内視鏡的乳頭括約筋切開術(Endoscopic sphincterotomy; EST)は総胆管結石に対する世界的な標準治療法として確立されている。内視鏡的乳頭バルーン拡張術(Endoscopic Papillary Balloon Dilation; EPBD)は十二指腸乳頭括約筋をバルーンカテーテルで拡張し胆管にアプローチする手技である。
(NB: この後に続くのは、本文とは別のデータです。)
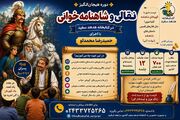 دوره نقالی و شاهنامه‌خوانی در کتابخانه «هدهد سفید» گلشهر برگزار می‌شود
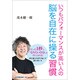 いつもパフォーマンスが高い人の脳を自在に操る習慣 [単行本]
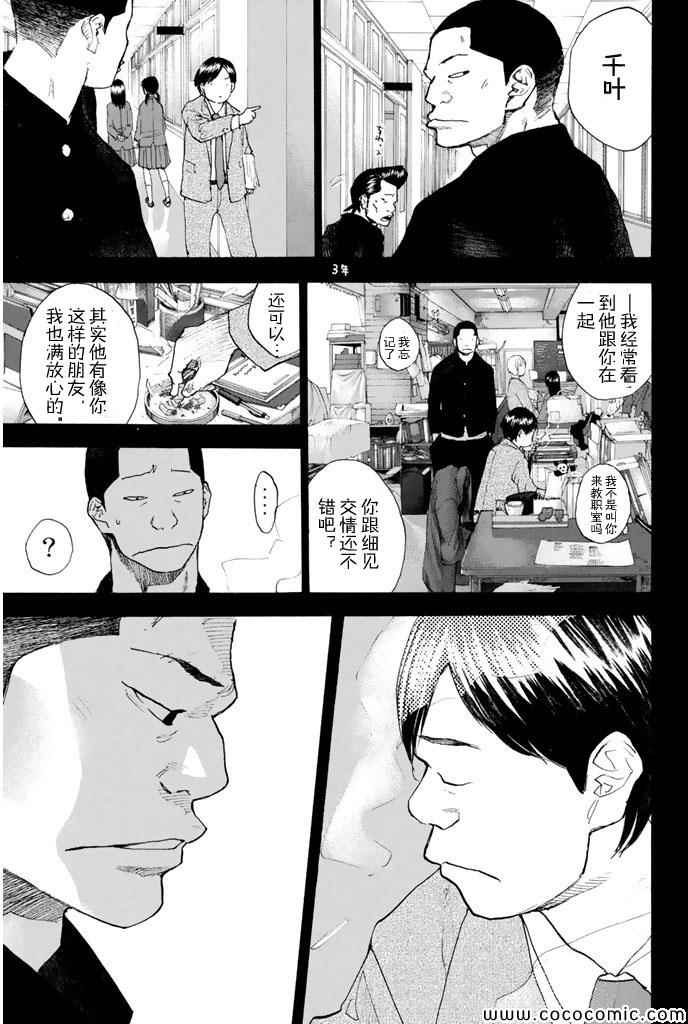 《篮球少年王》漫画最新章节第387话免费下拉式在线观看章节第【7】张图片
EPBDは術後の出血や穿孔の危険が少なく、乳頭機能の温存が期待できる手技として報告された。しかし高頻度に術後急性膵炎を引き起こすとされ、1990年代前半までほとんど行われなかった。しかし腹腔鏡下胆嚢摘出術の流行と関連して、若年者の総胆管結石の内視鏡的治療の重要性が高まり、乳頭括約筋機能を温存しうるEPBDが再評価されるようになった。現在では、有効性および安全性はESTと大差ないとされているが、長期予後については十分に検討されていない。特に胆嚢・総胆管結石合併症例において、EPBDにて総胆管結石を切石後の有石胆嚢に対する治療方針は定かではない。当科のTsujinoらはEPBDの長期予後を検討し、EPBD後に有石胆嚢を放置した場合(有石胆嚢放置群)の結石再発率が他の群と比較して有意に高率であることを報告した。しかしながらEPBD後に胆嚢結石を放置した場合、どのような因子が結石再発に関与するかは全くの不明である。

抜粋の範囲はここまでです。